At this point Alan Alda's character shows up and says "A grown man crying about babies and chickens? I thought this was a comedy show."

That was the funniest line I've heard on TV this year. In the series finale of M*A*S*H in the episode entitled "Goodbye, Farewell, and Amen," Alan Alda's character Dr. Hawkeye Pierce has a nervous break down. Hawkeye berated a woman into smothering her crying baby to avoid being killed by enemy soldiers. Unable to deal with his actions, he mentally he replaces the baby with a chicken. In discussion with Sidney, the psychiatrist, Hawkeye has a dramatic, overacting crying breakthrough and screams, "It wasn't a chicken, IT WAS A BABY!"

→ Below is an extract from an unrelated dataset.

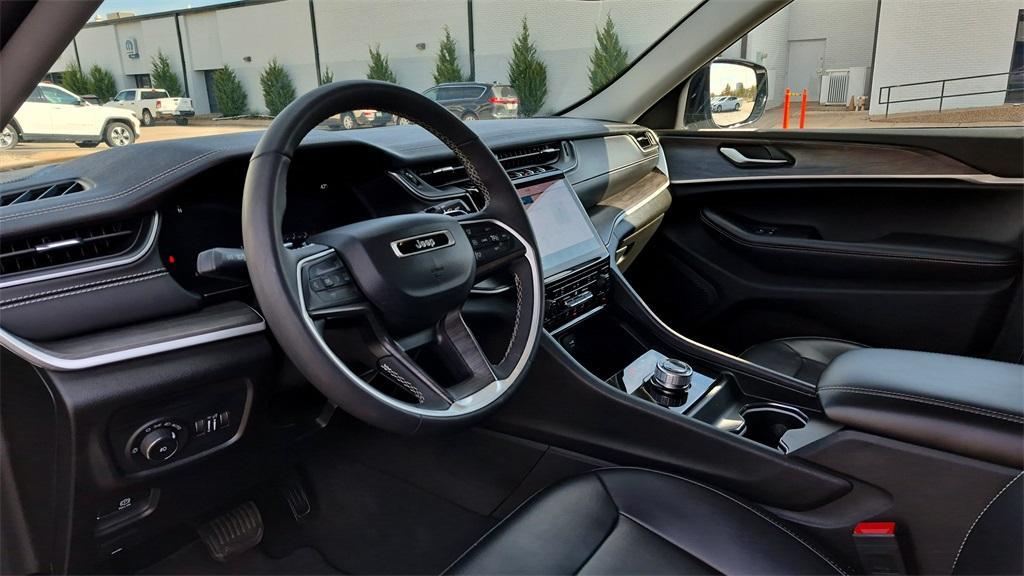 used 2024 Jeep Grand Cherokee car, priced at $28,999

Now, I've heard from some people that this self-referential in-joke was obscure. Obscure? That episode of M*A*S*H remains the highest rated episode of any show in television history. You might not get it, or might be too young, but it was hardly obscure. It was brilliant and smart and funny as hell.





2 comments:

Mikki said...

I wondered if many people got it - baby and a chicken comedy reference - Brilliant!

Calahan said...

I'm a huge MASH fan (well, the first few seasons, anyway) and I am ashamed that I didn't catch this reference. Ugh.